Quadrant I is the domain of high consciousness of people and high permissiveness to an individual. this domain is characterized as high activation of 'tacit agreement' and 'social norm' that expand individual autonomy. Highly experienced people in a team or an organization may place in this domain for their credibility and history. Like the engineer 'S' in a subsidiary R&D, people in this domain can get conscious-permission from others in his organization because of his continual contribution on technical problem solving history. Self-directed work design, high engagement in the work, and sustainable work performance are the characteristics of people in this domain. However, the broadness of this domain is highly socially constructed. As indicated in the case of engineer "U", an individual who come from HQ can cultivate this domain with relatively ease because he already had the sufficient credibility, legitimacy, and good social relations with key decision-makers. 


Quadrant II and III are not addressed in this article since these domains are related with unconsciousness of people. These domains are needed to be explored in a more solid body of knowledge about unconsciousness. For example, emotion display is frequently unconsciously activated by supervisors or coworkers. Several research found out that habitual display of negative emotions of supervisor affects to employees's creativity in an organization (Brundin, E., Patzelt, H., & Shepherd, D. A. (2008). Managers' emotional displays and employees' willingness to act entrepreneurially. Journal of Business Venturing, 23(2), 221-243. )
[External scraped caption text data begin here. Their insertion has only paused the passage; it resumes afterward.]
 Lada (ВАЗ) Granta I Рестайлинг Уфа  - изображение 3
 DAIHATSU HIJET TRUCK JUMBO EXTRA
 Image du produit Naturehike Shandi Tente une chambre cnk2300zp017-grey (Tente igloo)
In summary of deviant cases, employees can and have to cultivate autonomy within an organization to improve their job performance via high work engagement. Specifically, employees need to expand the domain of conscious-permissiveness to realize autonomy. The tension between conscious-control and conscious-permissiveness is significantly problematic in MNC organizations because of communication and legitimacy problem between HQ and Subsidiary organizations. 



Research Topic: 

Through problematizing process of the tension between autonomy and control in the workplace, the author pointed out the tension between central control of HQ and subsidiary autonomy for addressing local demands is very significant in MNCs. Two deviant cases reveals that subsidiary employees facilitate the tension by cultivating and realizing the autonomy under the conscious-permissiveness of local organizations. In the perspective of HRD, a few interesting research topics emerge: 


A research inquiry in the perspective of international HRD: 

What competencies(and How) do MNCs need to develop for subsidiary employee's to make a balance between compliance of central control of HQ and meeting local demands? 


A few research questions for the problem. 
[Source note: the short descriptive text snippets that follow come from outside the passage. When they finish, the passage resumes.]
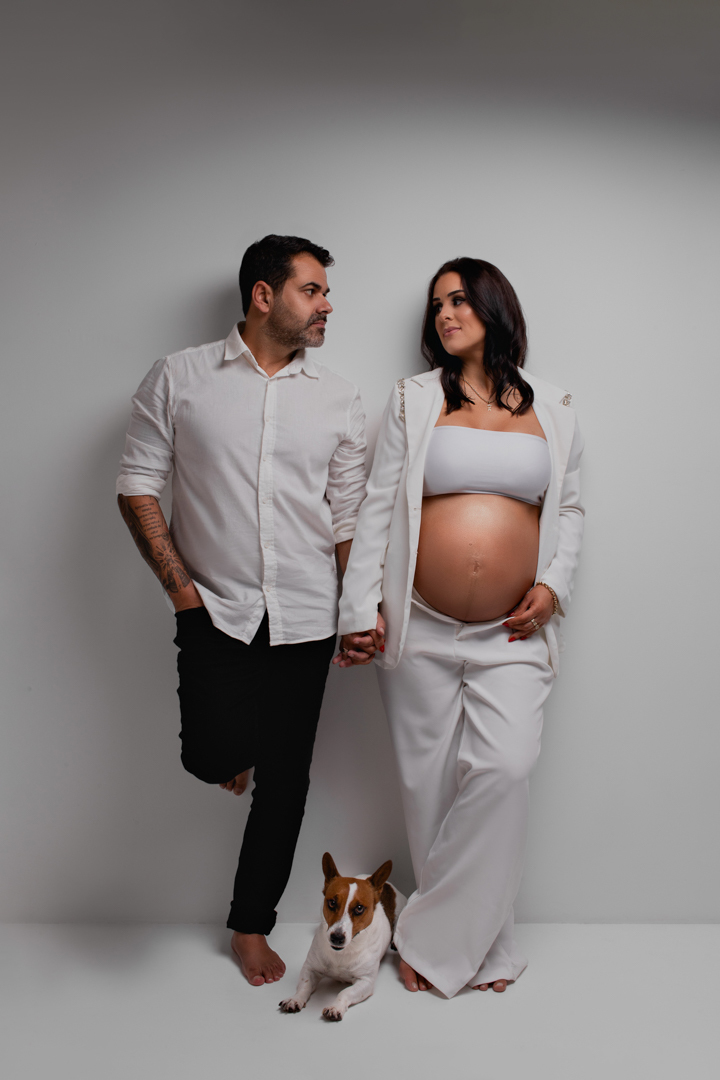 fotografa de gestante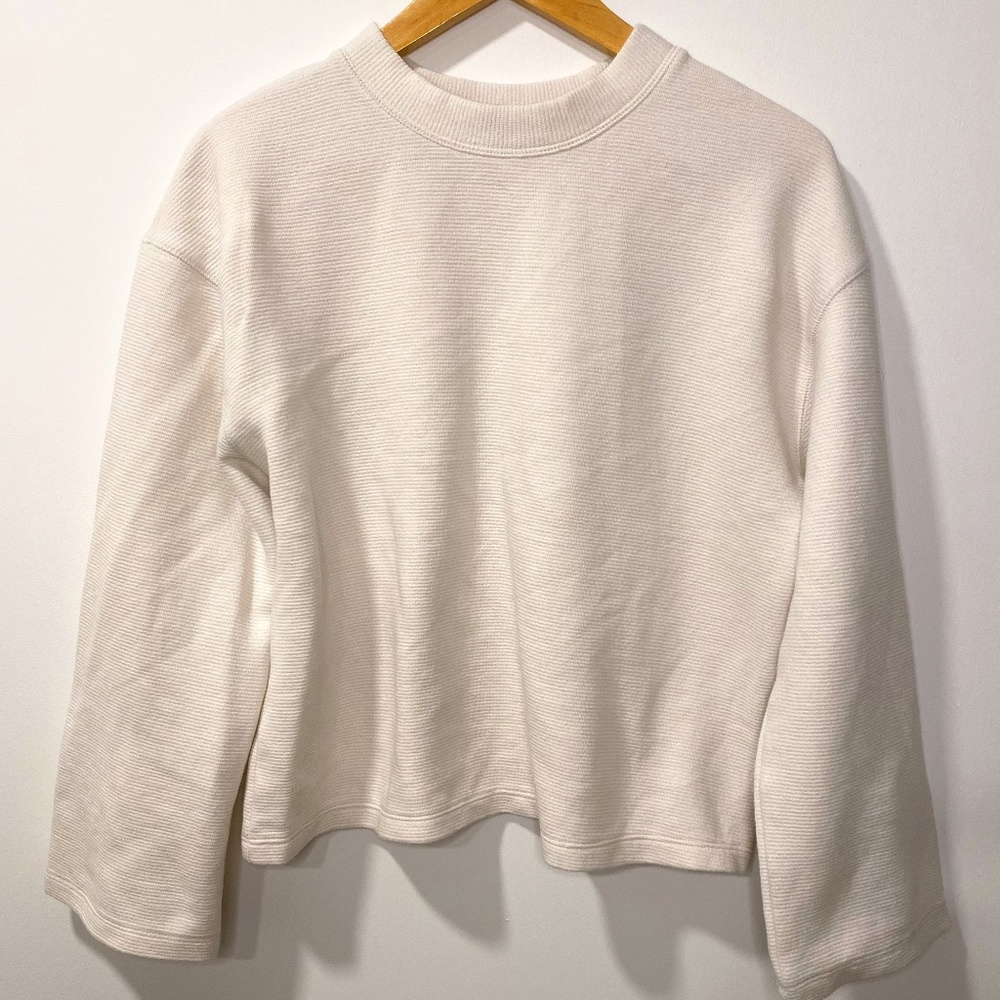 Women's Casual Fit Pullover Crewneck Sweatshirt - A New Day (Target)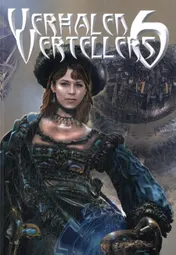 Omslag van Verhalen Vertellers 6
1. How subsidiary employees acquire conscious-permissiveness within the local organization or from HQ? 


2. What skills are needed to be developed to help subsidiary employees to acquire conscious-permissiveness within the local organization or from HQ? 


3. What individual factors are influential to cultivation of conscious-permissiveness? 


4. What social factors affects to subsidiary employee's development of conscious-permissiveness? 


5. What is the role of leadership in developing subsidiary employee's development of conscious-permissiveness? 



=========


A Conceptual Model will be developed with literature review on micro-political power issue in international management. 




Appendix1: 

Twenty-Six Heuristics for thinking about phenomena or questions in a way that might get new insights and ideas. 


1. Analyze your own experience. 

2. Use case studies. 

3. Collect practitioners' rules of thumb. 

4. Use role playing. 

5. Conduct a thought experiment. 

6. Engage in participant observation. 

7. Analyze paradoxical incidents. 

8. Engage in imaging. 

9. Use analogies and metaphor. 

10. Reframe the problem in terms of the opposite. 

11. Apply deviant case analysis (outlier). 

12. Change the scale. 

13. Focus on processes or focus on variables. 

14. Consider abstractions or specific instances. 

15. Make the opposite assumption. 

16. Apply the continual why and what. 

17. Consult your grandmother-and prove her wrong. 

18. Push an established finding to the extremes. 

19. Read biographies and literature, and be a well-rounded media consumer. 

20. Identify remote and shared/differentiating associates. 

21. Shift the unit of analysis. 

22. Shift the level of analysis. 

23. Use both explanations rather than one or the other. 

24. Capitalize on methodological and technological innovations. 

25. Focus on your emotions. 

26. What pushes your intellectual hot button? 


Jaccard & Jacoby (2010) Theory Construction and Model Building Skills: A Practical Guide for Social Scientists (pp. 48 - 67). 



Appendix 2: Authentic Leadership 

(source: http://books.google.com/books?id=v65xRITkXzMC&pg=PR5&source=gbs_selected_pages&cad=3#v=onepage&q=psychological%20contract&f=false) 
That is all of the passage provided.